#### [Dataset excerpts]
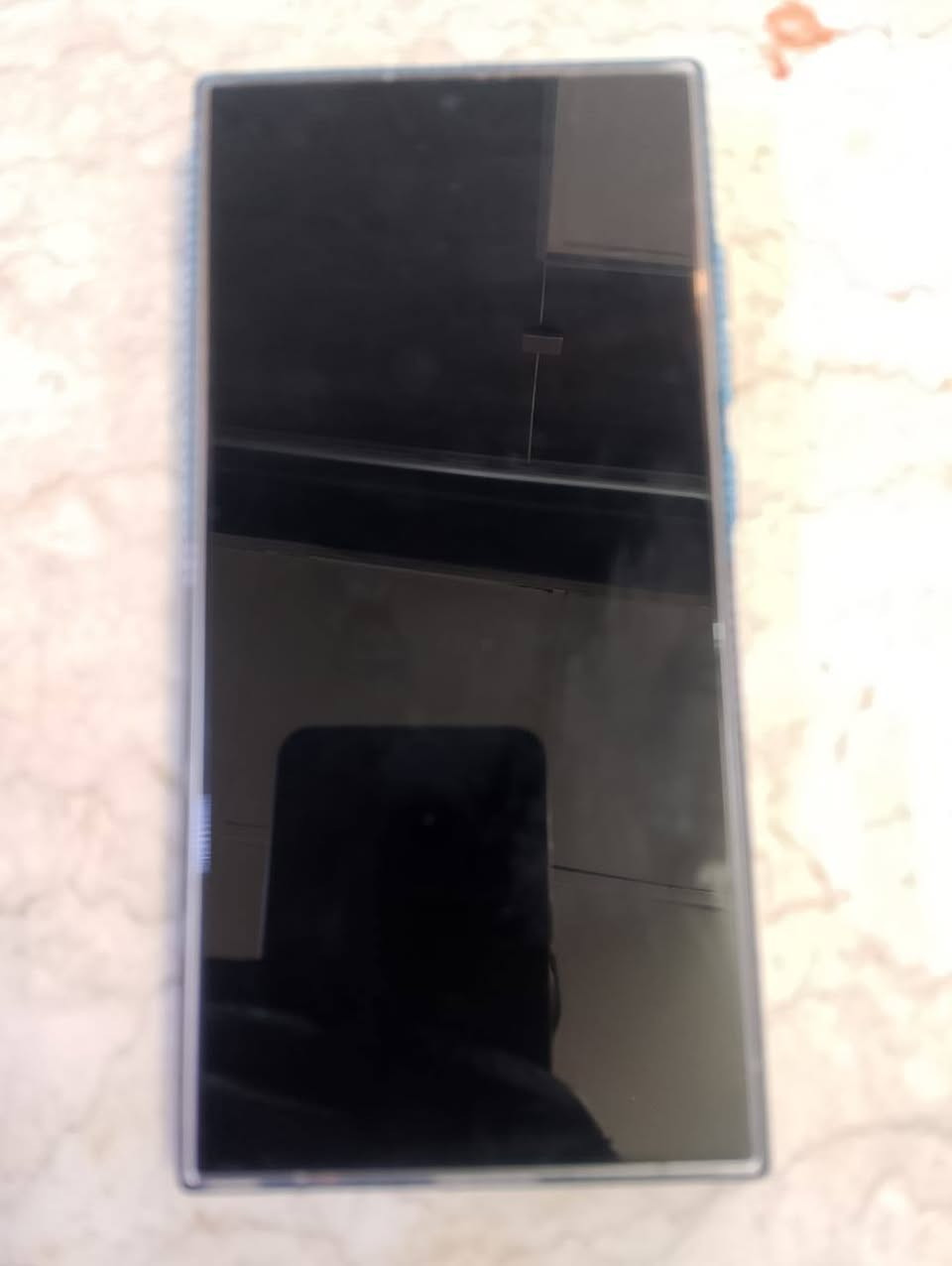 Samsung S24 aultra
غني عن التعريف 

سعره 950 الف  

هذه كما موضح في الصوره


**إذا كنت صاحب هذا الإعلان وتريد حذفه لأي سبب، رجاءا أرسل رسالة إلى الدعم الفني**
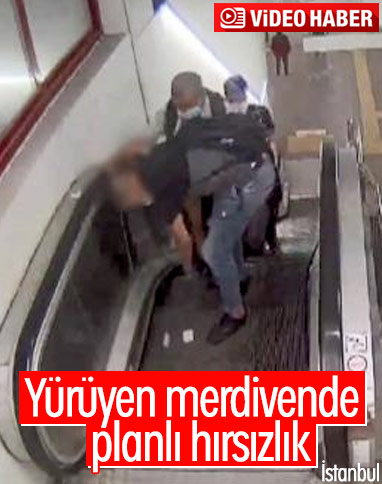 İstanbul'da yürüyen merdivende hırsızlık yaptılar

#### [PROMPT]
Please retype every record shown above, exactly as written, but without pictures.

#### [RESULT FOR THIS EXERCISE]
 Samsung S24 aultra
غني عن التعريف 

سعره 950 الف  

هذه كما موضح في الصوره


**إذا كنت صاحب هذا الإعلان وتريد حذفه لأي سبب، رجاءا أرسل رسالة إلى الدعم الفني**
 İstanbul'da yürüyen merdivende hırsızlık yaptılar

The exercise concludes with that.